Carl groans. “Straight to the point, huh? Well, maybe you haven’t heard, but I’m not in the people finding business any more.” He stands by the door, hoping she’ll take the hint. She doesn’t. Martha walks into his office, exploring the room.

“So, what business are you in?”

“I’m a writer, and I really should be getting back to it, Ms. Ellington.”

She looks at his laptop, reading what he’s written so far. “Jon Sledge?” She wrinkles her nose and looks up at him.

“It’s a work in progress.”

Martha stops snooping. Her mood is suddenly serious. “I know you are retired, Carl, and I know it wasn’t exactly your idea. But this is a chance to make up for what happened. You can redeem yourself.”

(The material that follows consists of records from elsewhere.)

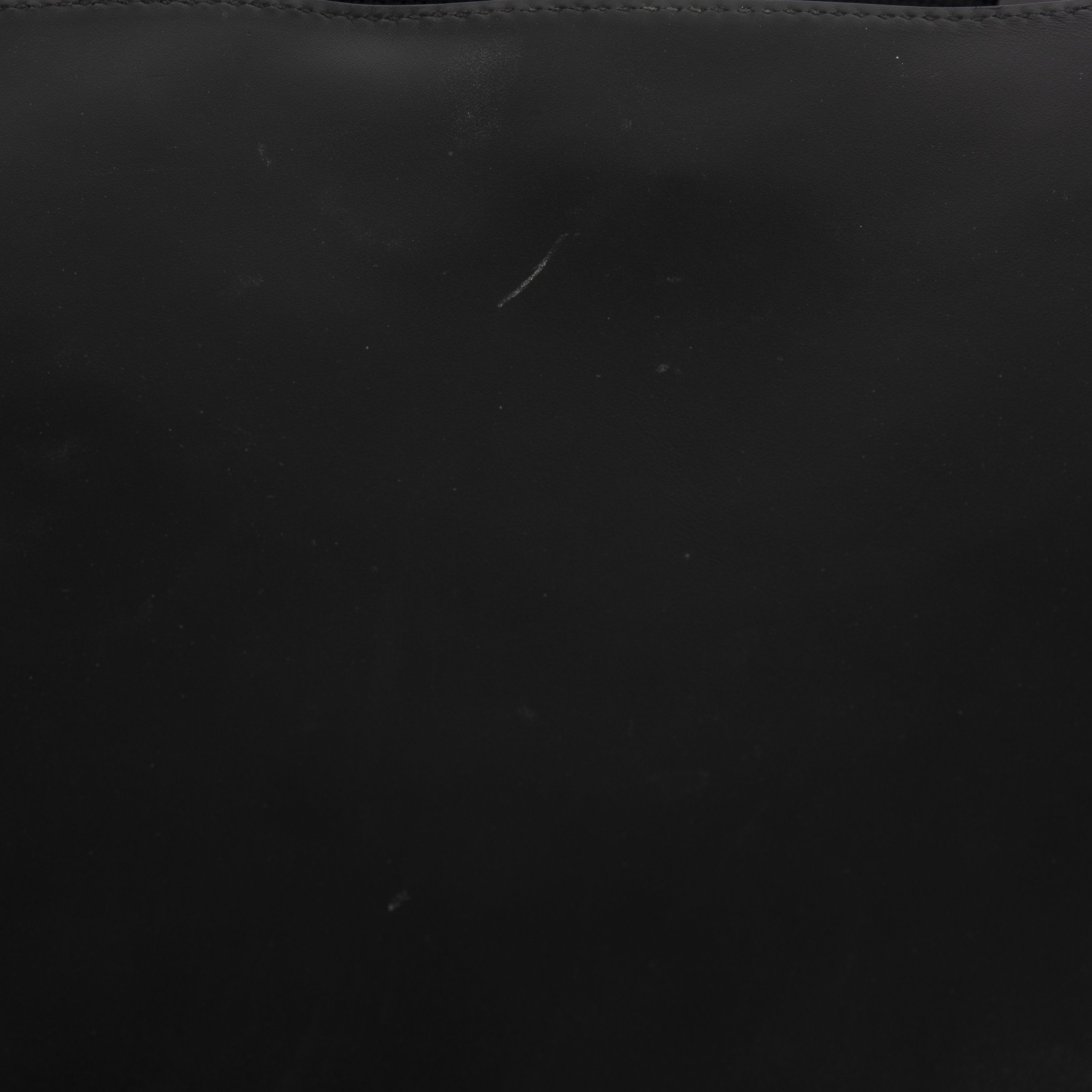 Gucci Signature Leather Messenger Bag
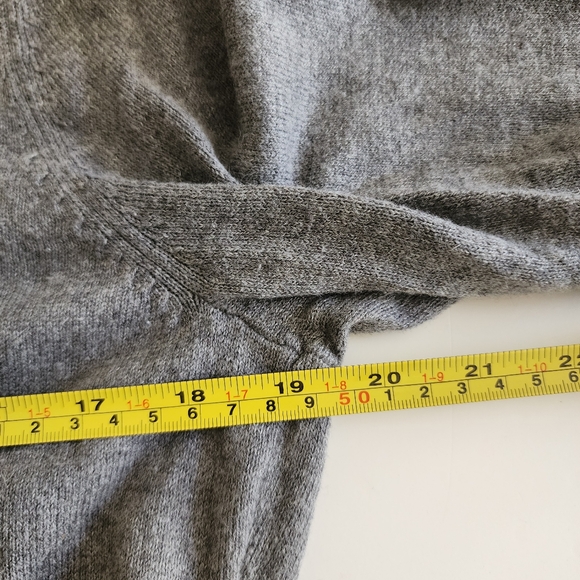 3 Sweaters XL - Picture 4 of 15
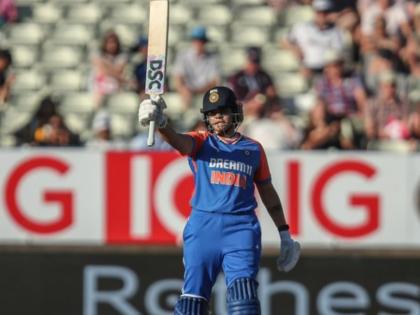 Shafali Verma Re Enters Top 10 In ICC Womens T20I Rankings Deepti Sharma Suffers loss | IND vs ENG : इंग्लंडविरुद्ध धमाका! लेडी सेहवागला झाला मोठा फायदा; दीप्ती घाट्यात
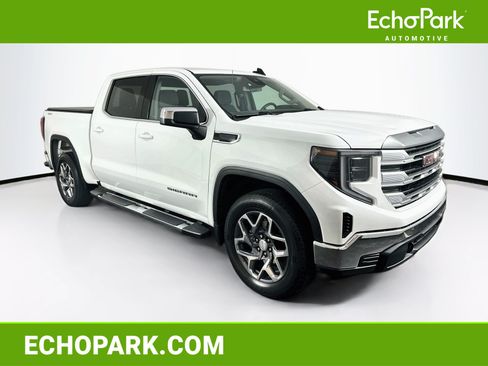 Used 2023 GMC Sierra 1500 SLE AWD/4WD image 1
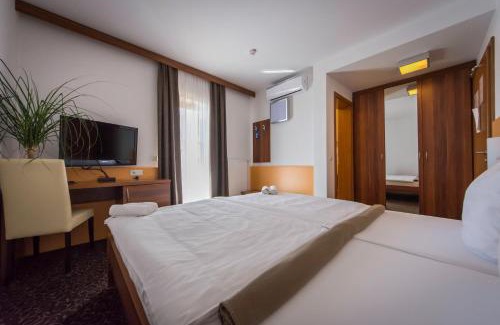 Praprotna Polica Hotel | Domačija Vodnik & Apartments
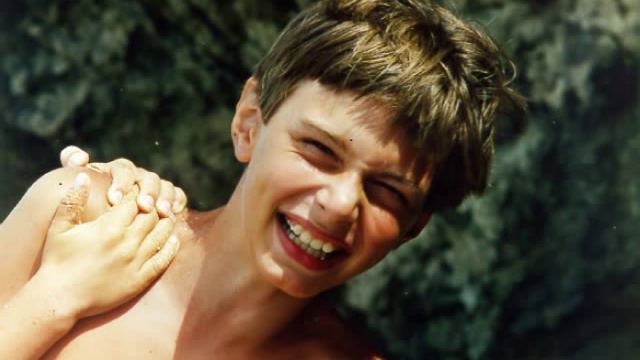 Мы с детства все хотели знать (школьный друг).Песня.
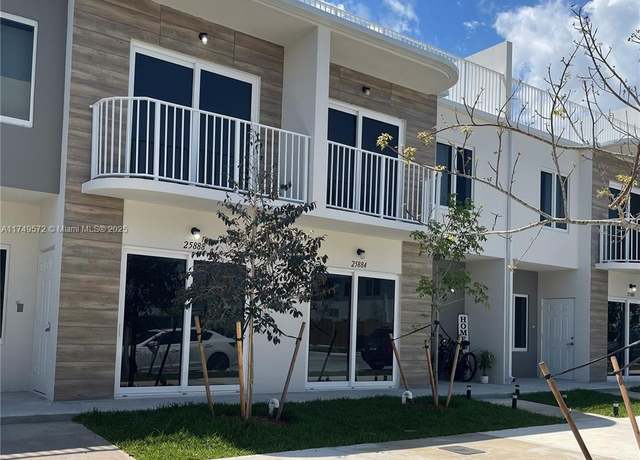 Property at 25842 SW 144th Ave, Naranja, FL 33032, 4 beds, 3.5 baths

Carl takes a closer look at this woman who clearly knows too much about him. She’s in her early forties, a little overweight but still very attractive. He feels the old detective in him and has a thousand questions he wants to ask. Instead, Carl says. “I’m a writer now.”

“It’s a sixteen year old girl. She’s missing, Carl.” Martha starts rummaging through her huge purse. “She might already be…dead for all I know. But she’s won’t be the only one. Thousands will die if we don’t do something.” She pulls out a button pearl ring and holds it out for Carl to see. “The girl’s name is Isabella, Isabella Sereda. Your daughter.”

Carl’s mouth drops. “I…I don’t have a daughter.” Martha doesn’t reply. She holds the ring out for him. He reluctantly takes it and walks across the room to a lamp. He holds it under the light. Carl knows this ring and the inscription engraved on the band. Tears well up in his eyes.

“Isabella’s mother, Katarina, gave me that. She said you’d recognize it, she said you’d help.”

“I don’t have a daughter. I don’t.” Carl says in a whisper.

“I have a picture of Katarina and your daughter here.” She digs through her purse again but pauses when she finds something alien. “What’s this?” she says to herself. There is a small metallic click. Carl looks up. Martha Ellington explodes.